Why Losing Jon Stewart Hurts the Middle East
Jon Stewart and Bassem Youssef on “The Daily Show” / Youtube
Jon Stewart quitting “The Daily Show” is bad for the Jews. It’s bad for the Muslims. It’s bad for the entire Middle East.
If you want to know why, just watch this clip of the real Jon Stewart joking around with “Egypt’s Jon Stewart,” Bassem Youssef. It aired shortly before Jon announced his decision to leave the show, and it revolves around a simple question: What can America do to fix the Middle East?
Bassem’s answer is simple, too: “How about — nothing!”
Jon plays devil’s advocate, arguing, “If the people choose the wrong government, we’ll help them get it right. Some boots on the ground, some advisers.” Which, of course, sets Bassem up to explain just what’s wrong with America’s interventionist foreign policy.
But then Bassem takes it one step further — by laughing at himself, at his own argument, at his own people. He provides that dash of self-deprecation without which comedy fails to be, you know, comedic (Israel’s totally unfunny “Hakol Shafit” is a good example of this).
“We want you to f—k off and leave us alone,” Bassem says. “But not right away. We could still use the aid money, and a few weapons, and some investments… What I’m saying is, if you could f—k gradually off, that would be better for everybody.”
This is Middle East comedy at its best: an unflinching look at the catch-22s and double standards that plague both — no, all — sides.
And who’s been providing the mechanism for this comedy for over 15 years? Jon, of course. He’s been providing it not only in the U.S., but also in places like Egypt, where he inspired Bassem to start his own wildly popular satire show that began as a Middle Eastern riff on “The Daily Show.”
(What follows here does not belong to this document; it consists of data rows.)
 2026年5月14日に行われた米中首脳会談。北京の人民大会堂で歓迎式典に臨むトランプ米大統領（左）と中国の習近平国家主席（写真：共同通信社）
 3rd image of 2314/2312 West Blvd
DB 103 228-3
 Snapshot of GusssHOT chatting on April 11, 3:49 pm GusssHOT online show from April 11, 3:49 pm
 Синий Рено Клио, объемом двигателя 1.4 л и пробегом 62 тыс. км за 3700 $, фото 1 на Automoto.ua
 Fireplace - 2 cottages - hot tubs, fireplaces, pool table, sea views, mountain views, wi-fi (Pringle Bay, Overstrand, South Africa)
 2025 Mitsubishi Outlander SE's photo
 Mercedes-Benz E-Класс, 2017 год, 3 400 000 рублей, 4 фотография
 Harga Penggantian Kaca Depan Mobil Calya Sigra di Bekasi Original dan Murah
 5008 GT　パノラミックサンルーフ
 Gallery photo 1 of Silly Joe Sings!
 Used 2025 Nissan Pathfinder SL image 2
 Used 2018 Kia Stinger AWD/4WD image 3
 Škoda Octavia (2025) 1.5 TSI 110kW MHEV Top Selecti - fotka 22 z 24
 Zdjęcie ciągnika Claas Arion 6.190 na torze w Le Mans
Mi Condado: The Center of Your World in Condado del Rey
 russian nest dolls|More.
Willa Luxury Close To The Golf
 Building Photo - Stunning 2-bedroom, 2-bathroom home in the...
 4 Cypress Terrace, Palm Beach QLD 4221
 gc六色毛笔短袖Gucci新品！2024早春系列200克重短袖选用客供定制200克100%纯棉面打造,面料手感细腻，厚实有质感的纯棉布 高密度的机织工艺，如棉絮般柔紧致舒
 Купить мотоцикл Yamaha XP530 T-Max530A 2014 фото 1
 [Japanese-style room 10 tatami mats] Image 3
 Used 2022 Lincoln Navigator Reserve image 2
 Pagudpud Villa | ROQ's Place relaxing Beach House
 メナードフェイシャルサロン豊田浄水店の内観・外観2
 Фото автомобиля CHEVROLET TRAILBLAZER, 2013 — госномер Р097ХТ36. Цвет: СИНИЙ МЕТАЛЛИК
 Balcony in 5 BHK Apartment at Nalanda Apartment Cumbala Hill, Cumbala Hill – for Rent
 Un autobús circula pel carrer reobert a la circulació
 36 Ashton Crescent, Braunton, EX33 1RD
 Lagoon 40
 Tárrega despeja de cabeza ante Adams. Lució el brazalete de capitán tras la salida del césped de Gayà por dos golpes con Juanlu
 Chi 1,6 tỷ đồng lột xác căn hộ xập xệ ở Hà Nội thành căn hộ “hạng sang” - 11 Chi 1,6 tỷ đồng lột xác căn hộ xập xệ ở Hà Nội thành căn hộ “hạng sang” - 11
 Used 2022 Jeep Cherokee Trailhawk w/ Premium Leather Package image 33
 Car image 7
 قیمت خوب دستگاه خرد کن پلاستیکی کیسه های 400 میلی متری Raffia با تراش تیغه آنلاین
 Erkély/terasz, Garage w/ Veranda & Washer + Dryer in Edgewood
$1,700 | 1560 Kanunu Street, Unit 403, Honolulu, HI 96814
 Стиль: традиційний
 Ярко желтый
Every week, Bassem took to TV to wittily eviscerate the top leaders of the Arab world, and endear himself hugely to the Arab public (40 million viewers!). But then Sisi came to power in Egypt — and, sadly, the dissenters went the way of the Pharaohs.
In many ways, it was Jon Stewart who modeled this dissent.
He’s fought funnily and vociferously against the idea that “questioning in any way the effectiveness or humanity of Israel’s policies” automatically makes you an anti-Israel self-hating Jew:
And he’s memorably pointed out some of the absurdities of the special relationship between the U.S. and Israel (“We cannot be Israel’s rehab sponsor and its drug dealer!”):
But ultimately, his greatest achievement may have been giving others the comedic tools to do the same sort of thing wherever they might find themselves.
With Jon gone, it will soon be up to others to fill his shoes — and they will be big, big shoes to fill. Yet if there’s anything comforting in Jon’s departure, it’s the knowledge that he’s already set others up to do just that.